__Required work__
Retype exactly what appears below from the line containing "三台車停路邊竟遭恍神男子駕車連撞" down to the line containing "壁掛けモップは部屋のモップを挟んでトイレの壁の掃除をします。", keeping both end lines. Do not include pictures.

__The data__
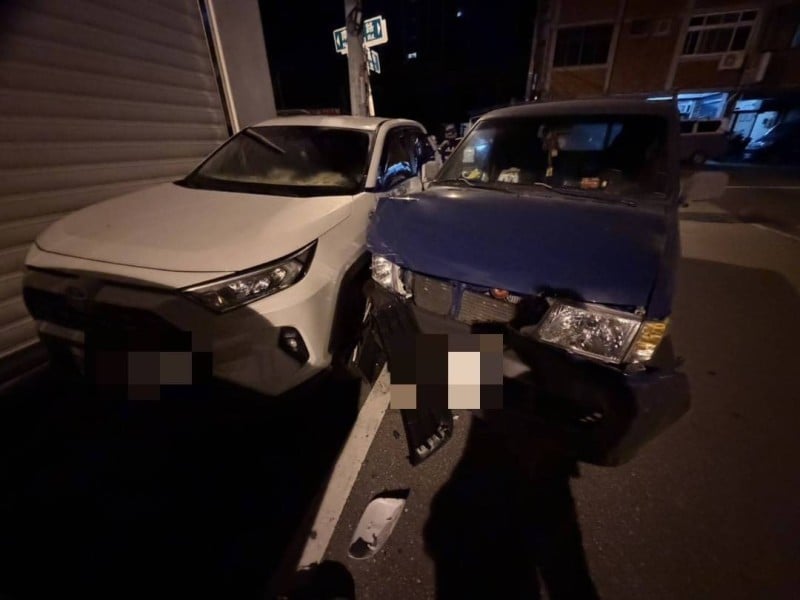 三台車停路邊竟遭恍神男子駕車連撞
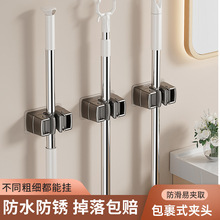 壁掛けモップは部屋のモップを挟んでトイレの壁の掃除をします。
---
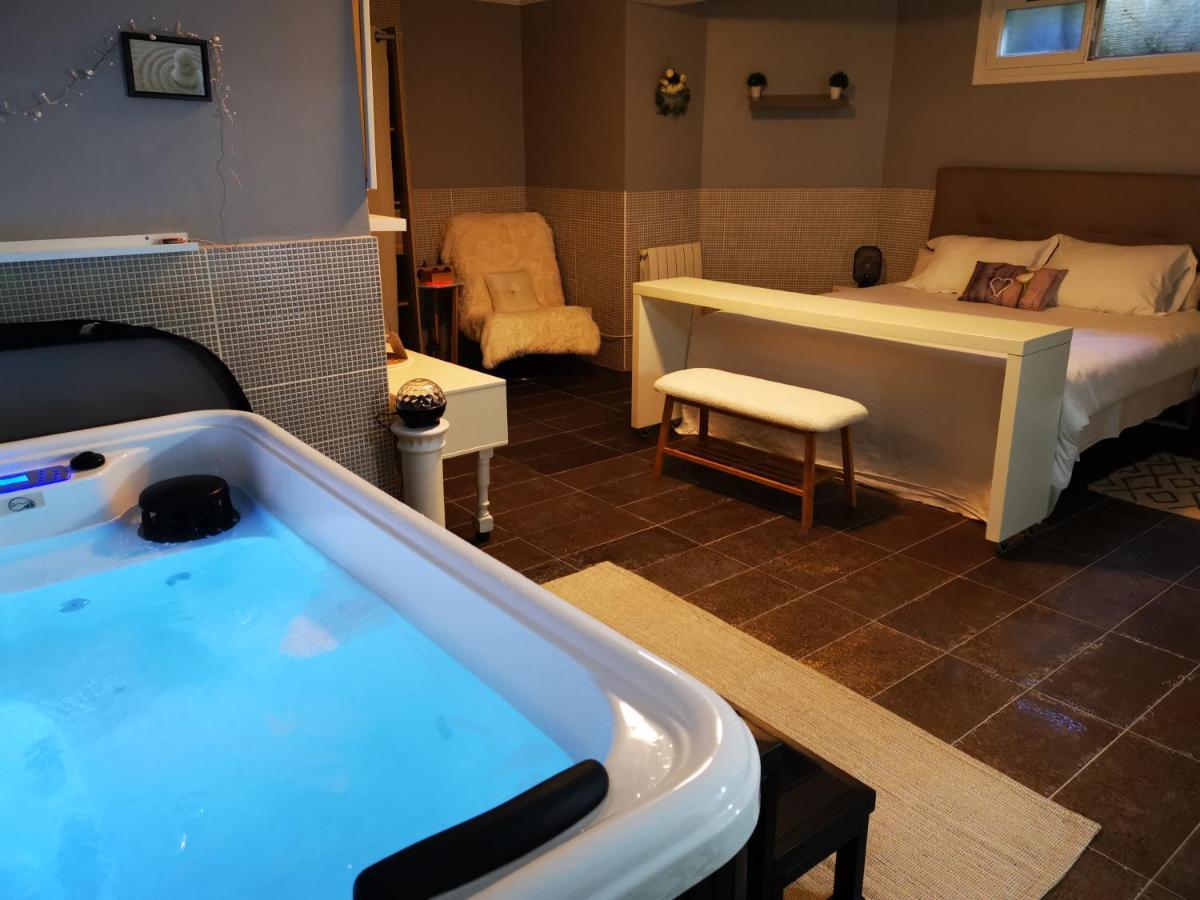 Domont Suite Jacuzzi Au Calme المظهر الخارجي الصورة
* * *
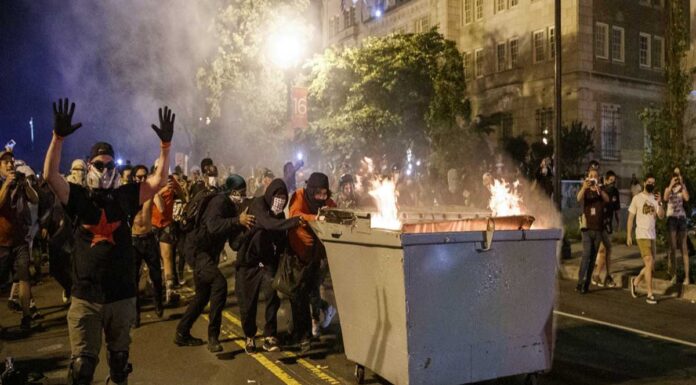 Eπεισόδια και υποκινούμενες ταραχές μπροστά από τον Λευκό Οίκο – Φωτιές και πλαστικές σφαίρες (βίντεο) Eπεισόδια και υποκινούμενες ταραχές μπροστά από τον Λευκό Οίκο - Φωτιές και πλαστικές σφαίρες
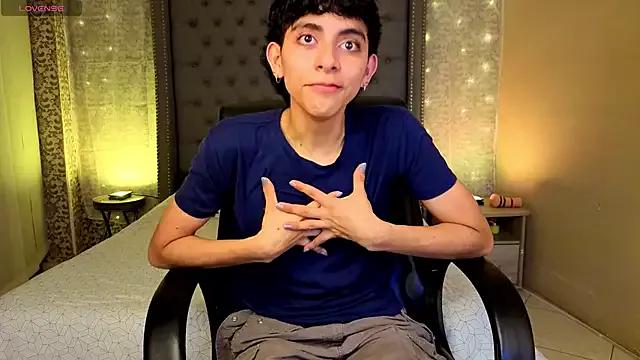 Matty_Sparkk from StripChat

__Solution for this task__
 三台車停路邊竟遭恍神男子駕車連撞
 壁掛けモップは部屋のモップを挟んでトイレの壁の掃除をします。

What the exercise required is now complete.